原田謙介政治の若者離れを打破する活動を10年以上
ASK NIPPONのサイト場面

衆議院選挙を盛り上げていこうと、市民と政党の双方向型のコミュニケーション企画「ASK NIPPON 2014」を実施している。

特設サイト上からTwitterを通じて、市民が各政党の政策に関して聞きたい質問を投稿。

企画時間の10日(水)20時~21時の間に、各政党代表者が集まった質問に一斉に回答するというものです。

この企画に込めた想いについて書きます。

1:政党・候補者と市民(有権者)の双方向でのやり取りの実現

これが最大です。せっかく去年の参議院選挙からインターネット選挙運動が解禁されたのに、

予想以上にワクワクすることが見られなかった。

急に投票率が上がったりするものではないのはわかっていたけど、もう少しなんとかやりようがあるのではないかと悔しかった。

各政党・候補者が一方的に日々の”業務報告”を行うだけ、

「〇〇で演説しました」「〇〇衆議院議員が応援にかけつけてくれました」

そんな報告毎日何回もいらないよ・・・

それよりもせっかくのインターネット、特にSNSの特性の一つである双方向性を活かして、政党・候補者と市民が向き合う状況を実現させたいと思った。

既存の選挙運動は普通の市民にとってみれば、ただただ受け身で情報を受けるだけ。

さらには、うるさいだけ、邪魔なだけと感じている人もいると思う。

そうじゃなくて、もっと互いがやり取りできればいいんだ!

互いにきちんと見合っているという状況を作りたい。

質問に対して国会議員が答えてくれたらちょっとうれしくなると思う。

それがこの企画の最大の狙いです。

2:マスメディアであまり扱われない論点について扱う

選挙の何が重要争点なのかを判断するのはなかなか難しい点です。

マスメディアを中心に、その時の政治状況や、広く有権者に影響がありそうなものを争点として設定している。

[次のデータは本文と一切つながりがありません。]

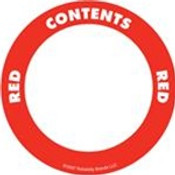 Oil Safe 280508 Content Label - Water Resistant - 2" Circle - Red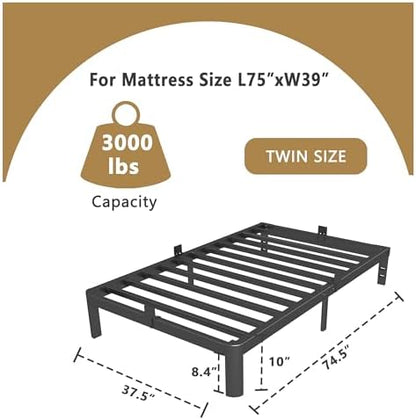 ITIMIDI 10 Inch Twin Platform Bed, Heavy Duty Steel, No Box Spring, Black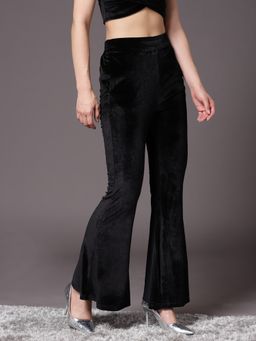 KASSUALLY - Regular Fit Women Black Trouser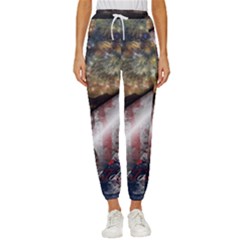 Independence Day Background Abstract Grunge American Flag Women s Cropped Drawstring Pants by Ravend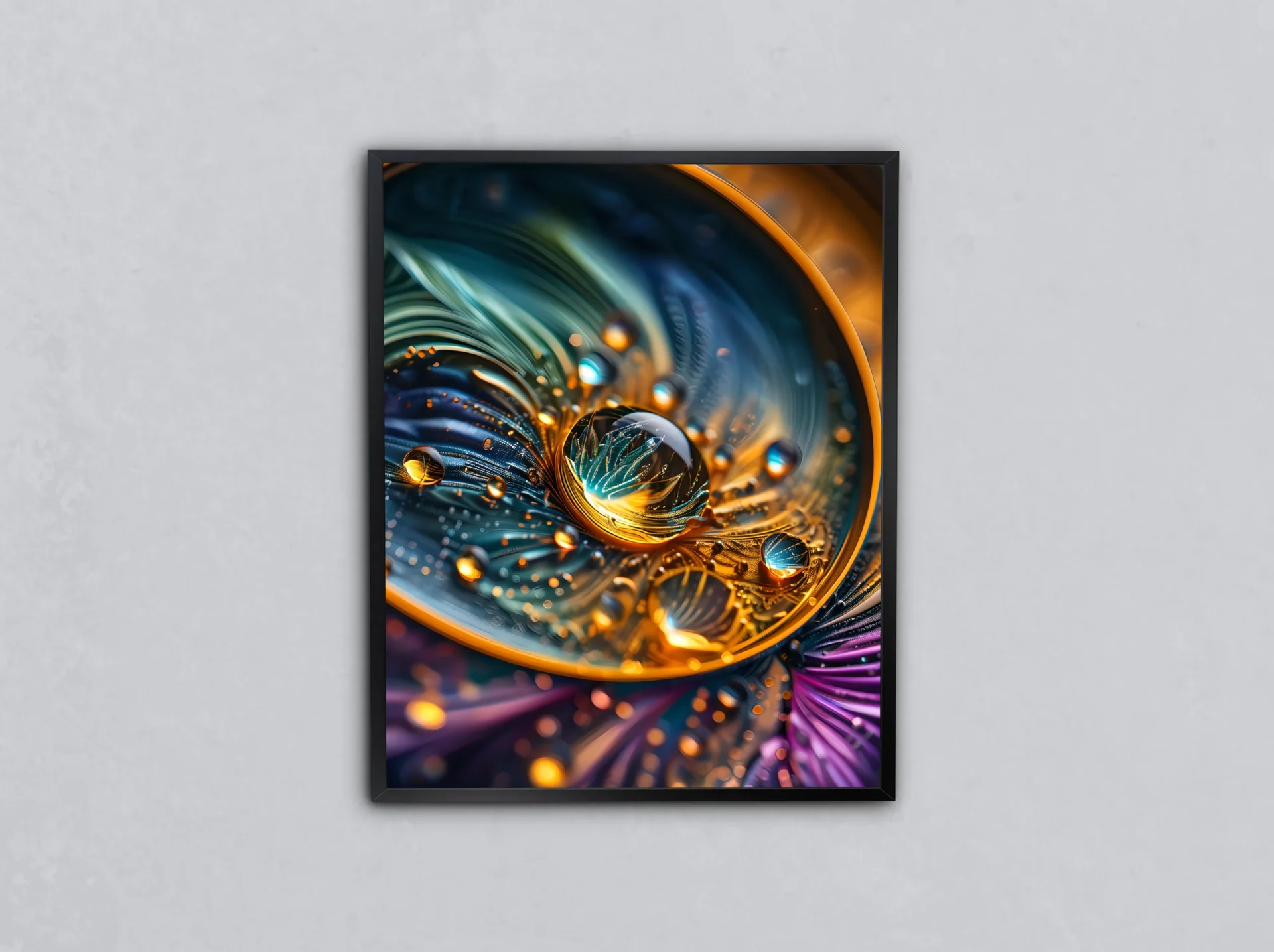 Altın Spiral Metal Tablo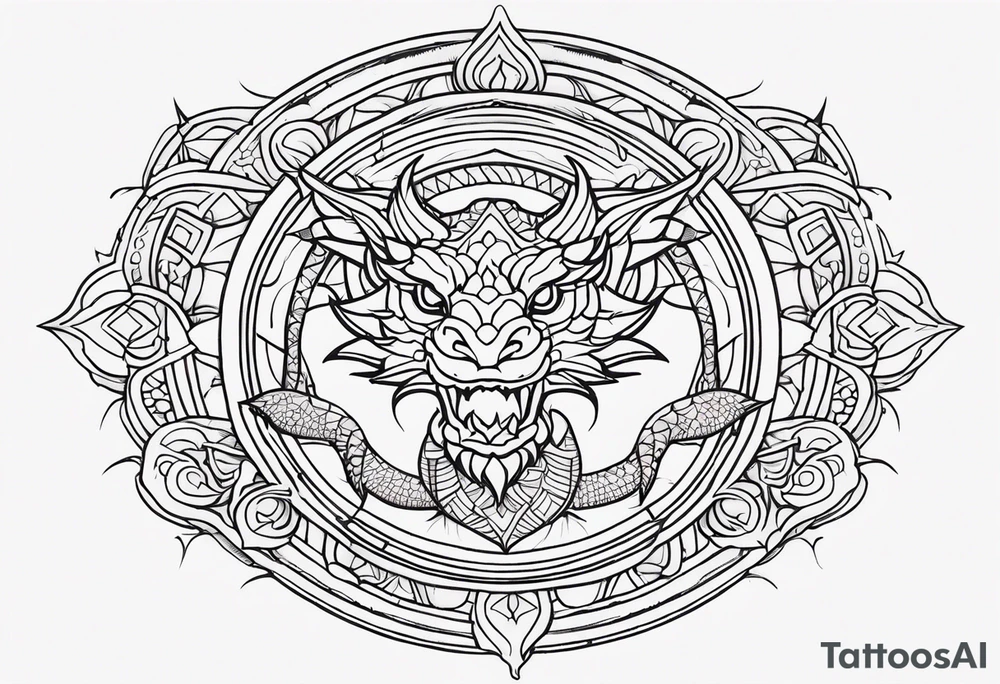 CIrcle Dragon Mandala tattoo idea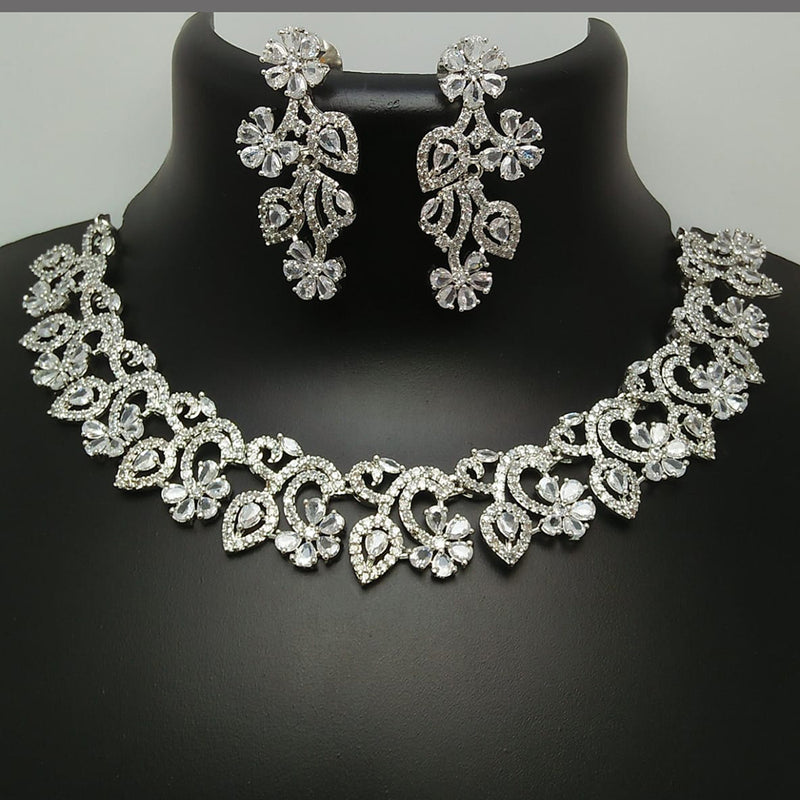 Manisha Jewellery Silver Plated AD Stone Necklace Set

今回の選挙であれば、「アベノミクスの是非」「集団的自衛権」「消費増税の延期の有無」などなど。

もちろん、何が重要な争点であるのかは各個人によって違い、その全部をメディアで扱うことはできない。

ASK NIPPON 2014では個人から質問を広く集めることにより、各自の中での争点について政党代表者に問うことが可能。

その質問に関して、各政党代表者に答えていただくことにより、今まであまり議論されて来なかった争点に関して、各党のスタンスの違いなどが見えてくればよいなと思う。

決してマスを相手にする必要がない、インターネットの特性がいきるのはこういう時だと思います。

あまり議論されて来なかったこと、マスに関わるとは限らないものでの、重要な争点はおおくある。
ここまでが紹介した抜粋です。